La loi d’airain de l’économie se moque bien des démagogues qui croient au mythe de la dette perpétuelle. Elle enclenche son propre système de correction pour résorber l’écart entre richesse réelle et liquidités : l’inflation qui rogne le pouvoir d’achat et dévalue la monnaie. C’est un désendettement sournois qui évite la brutalité d’une politique assumée à base de raréfaction du crédit, d’entrée en récession et de redistribution des richesses. L’inflation est l’impôt parfait, celui qui booste les recettes fiscales et allège la dette indépendamment de toute décision politique.

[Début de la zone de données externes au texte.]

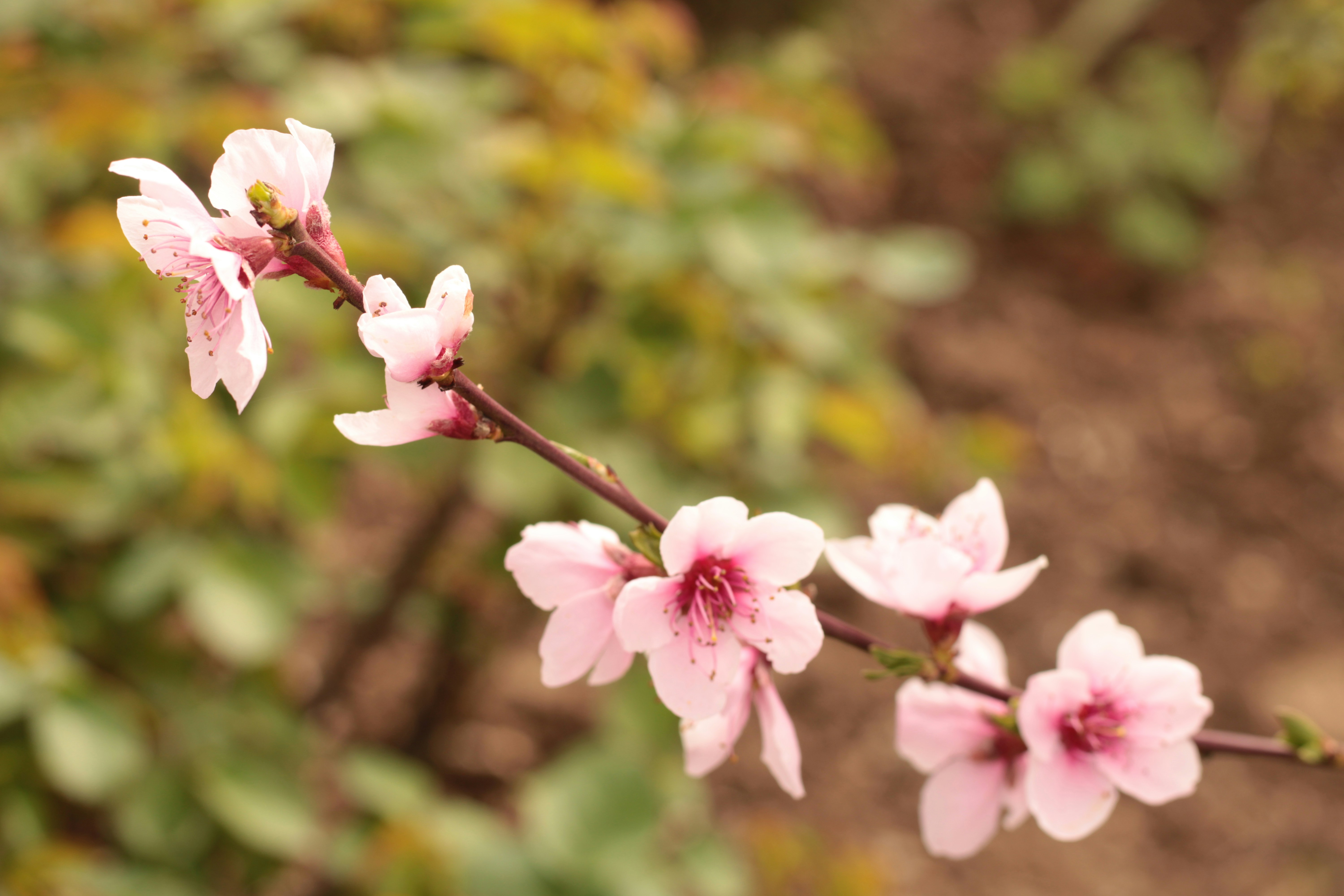 Photo by thorai9akira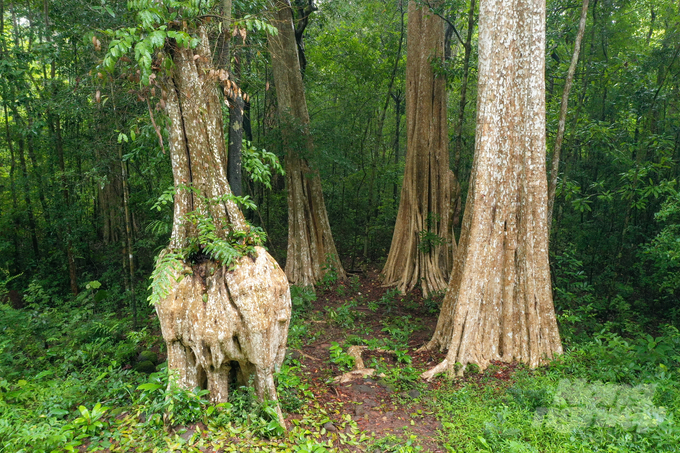 The forest coverage rate has exceeded 42.2%. Photo: Tung Dinh.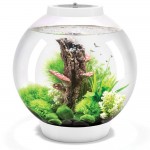Аквариум biOrb Classic 30 LED white, объём 30л., светодиодная подсветка, цвет белый (72007) Аквариум biOrb Classic 30 LED white, объём 30л., светодиодная подсветка, цвет белый (72007)
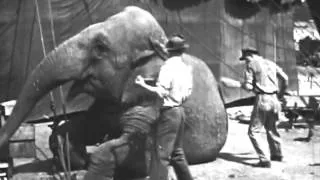 Circus Animals (1947)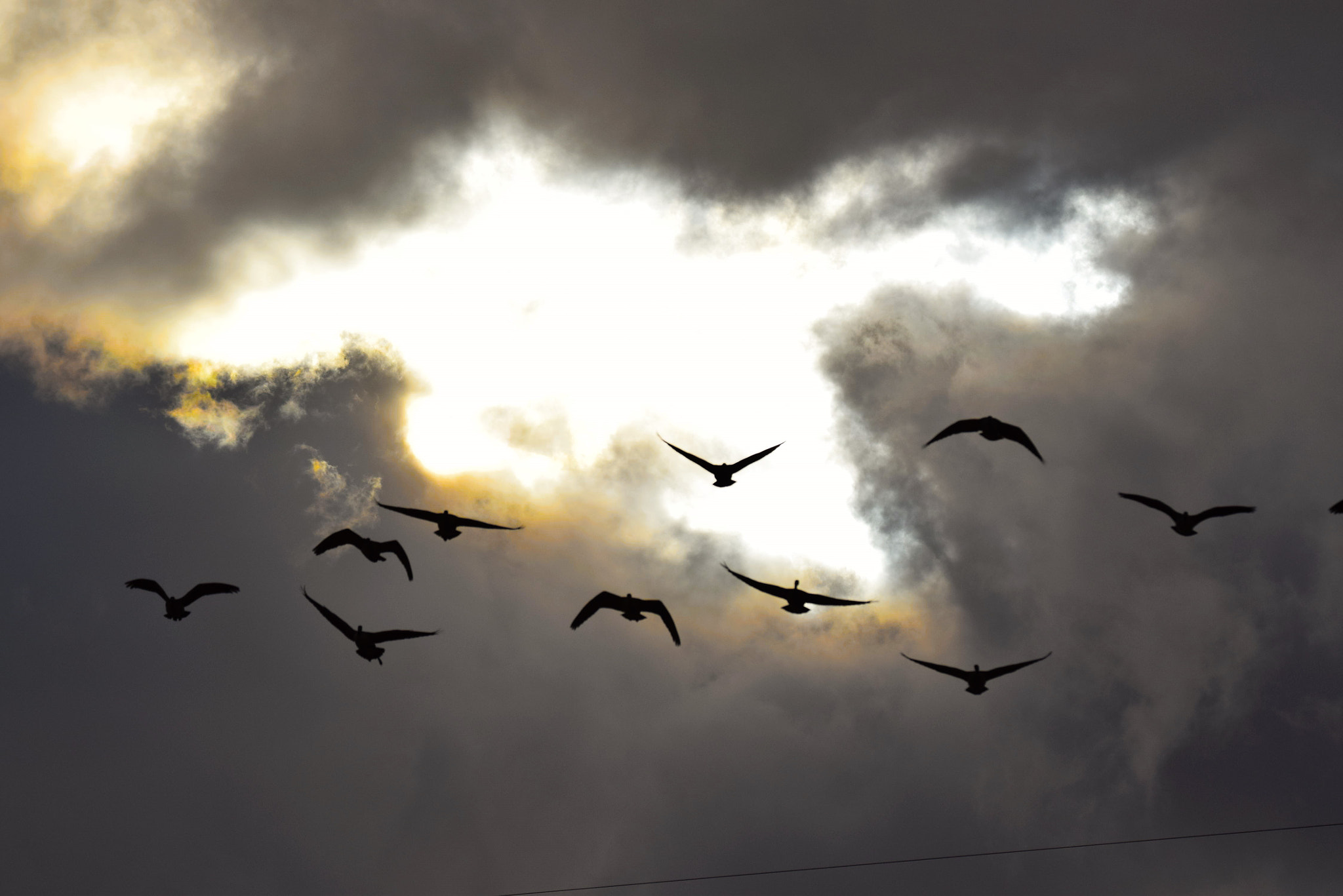 Nikon D3300 sample photo. From above *;) photography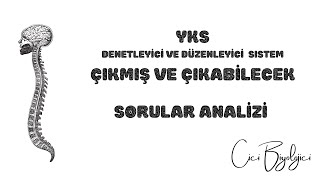 YKS BİYOLOJİ ÇIKMIŞ VE ÇIKABİLECEK SORULAR ANALİZİ  Denetleyici ve Düzenleyici Sistem [upl. by Grani]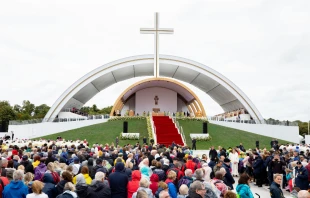 The 2018 World Meeting of Families in Dublin, Ireland. Daniel Ibáñez/CNA.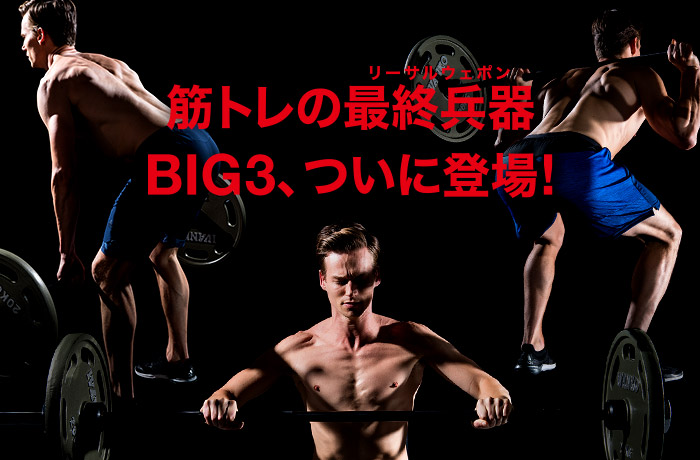ウエイトトレーニング Jagwer David 楽天市場】LE-GEAR パワーリフティングベルト パワーベルト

C’est l’impôt préféré des plus riches, avec sa progressivité à l’envers, et l’opium du peuple qui croit que l’Etat lui vient en aide alors qu’il ne fait que renforcer le phénomène.


[1] Notons que si Keynes avait toujours raison, le budget de l’Etat devrait redevenir positif après plusieurs années de dépense publique ayant stimulé la productivité ; or, ce n’est pas ce qu’on observe.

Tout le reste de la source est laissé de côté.